Obama can definitely win. He's a black politician who truly cares in the way Halle Barry is a masterful black actress. His neo-liberalism is profound, and he will help American liberals come to terms with the continuing economic order in a way that has much of Western Europe smiling, and which cunningly negotiates the tricky terrain of the Middle East and Asia. He is a governmental businessman, like Clinton, and with him running the ship, there will be no more ill-planned debacles like the War in Iraq. No, I suspect that like Clinton, Obama will be a very smart, reasoned, prudent steward of the American ship. If we need to kill hundreds of thousands of Iraqis, it will be done with sanctions instead of a direct attack. If we need to deploy depleted uranium across Eastern Europe, we will do it for humanitarian reasons, not out of revenge for a terrorist attack. Our own soldiers will be spared, and be rewarded with better medical benefits for pressing the button to fire the missile at the neighborhood full of women and children.

To liberals, Bush is the dark smirk of death; the direct, uncompromising reflection of the graves our empire creates. Obama, however, will manage things so efficiently that liberals will hardly have to worry about them. The poor in America will be better treated, and the foreigners of choice will die more quietly, in less dramatic ways, and without any of Bush's bellicose rhetoric.

America needs men like Obama and Clinton to help it maintain its blinders. Klansmen, NRA, racists and evangelicals can stomach Bush--but American liberals cannot. They require Obama to help them keep their lifestyle without reminding them of the death it requires to maintain. They need intelligent, charismatic men who can much more efficiently perform the killing of empire; who can open up the poor nations to the raping of the World Bank with smiles and clever economic agreements instead of military leverage and threats.

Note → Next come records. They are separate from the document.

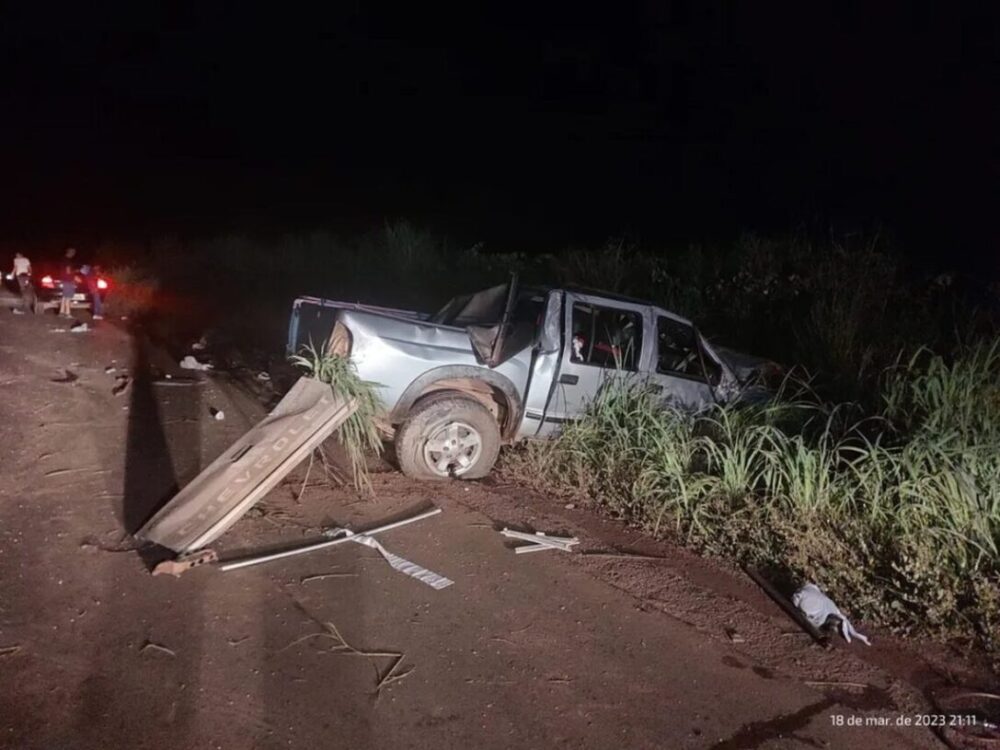 Três pessoas ficam gravemente feridas após caminhonete capotar em zona rural de Paraíso do Tocantins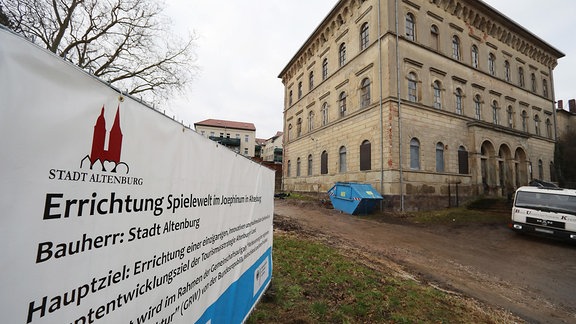 Ein Hinweisschild zum Bau der Altenburger Spielewelt im Josephinum steht vor dem Gebäude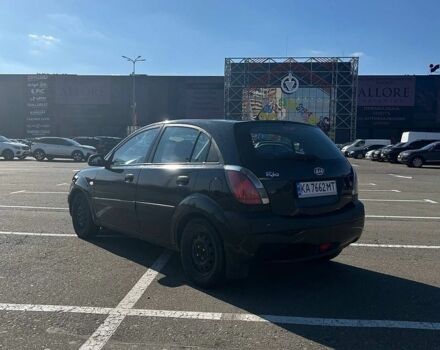 Чорний Кіа Ріо, об'ємом двигуна 1.4 л та пробігом 167 тис. км за 2900 $, фото 9 на Automoto.ua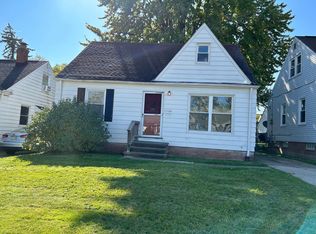 15708 Maplewood Ave, Maple Heights, OH 44137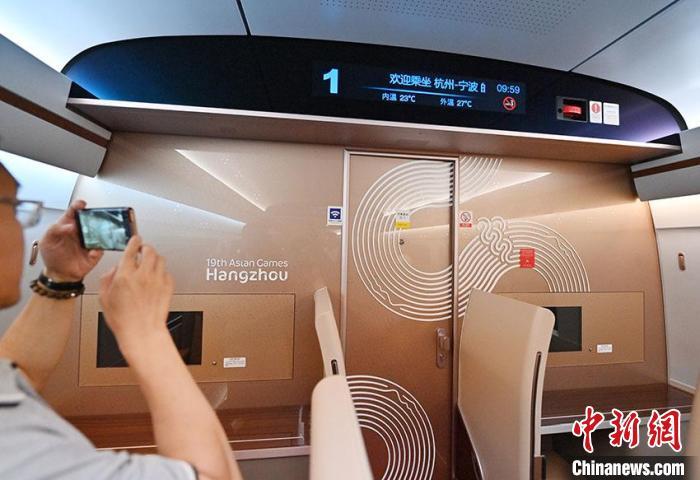 复兴号亚运智能动车组车厢内设施。张瑶 摄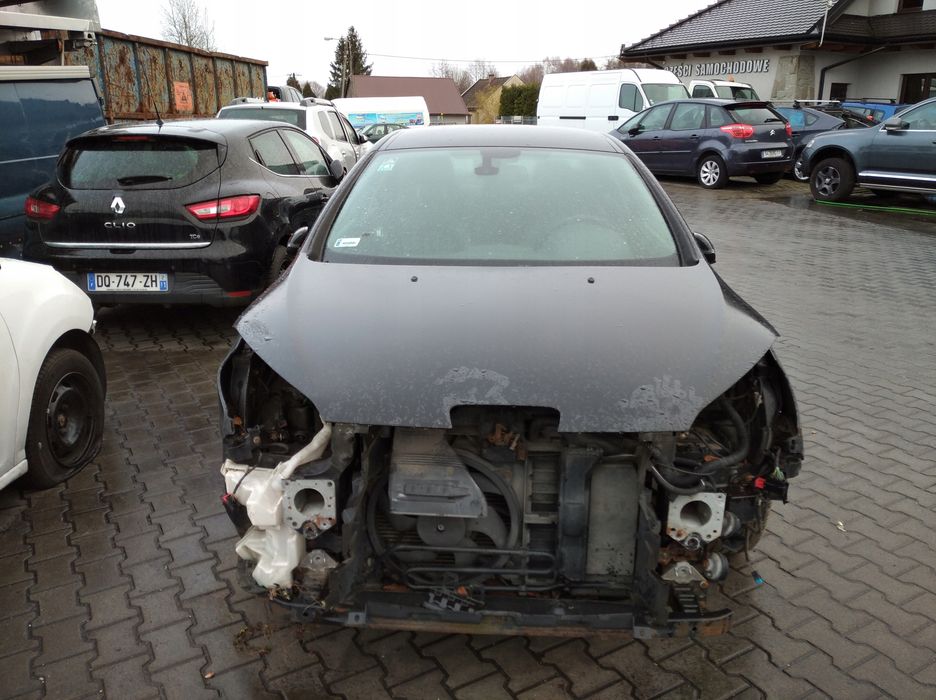 peugeot 407 maska pokrywa silnika czarna exld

Obama thinks the war could be fought "better" and that it could be "won." How can you "win" something that is already as bad as Iraq? How can you "fight" "well" when you shouldn't be fighting in the first place? These are simple premises, but compared to Bush, less extreme statements like "we must fight the war better" can seem to be sensible, when in reality they are just a cleverly-disguised version of the same justification for murder and national theft as Bush's cowboy dyslexia.

Instead of the smirking death's head of Bush, American liberals desperately crave the polished form of an Obama, a (Hilary) Clinton, or a Dean. It is protection from what they do not want to think about.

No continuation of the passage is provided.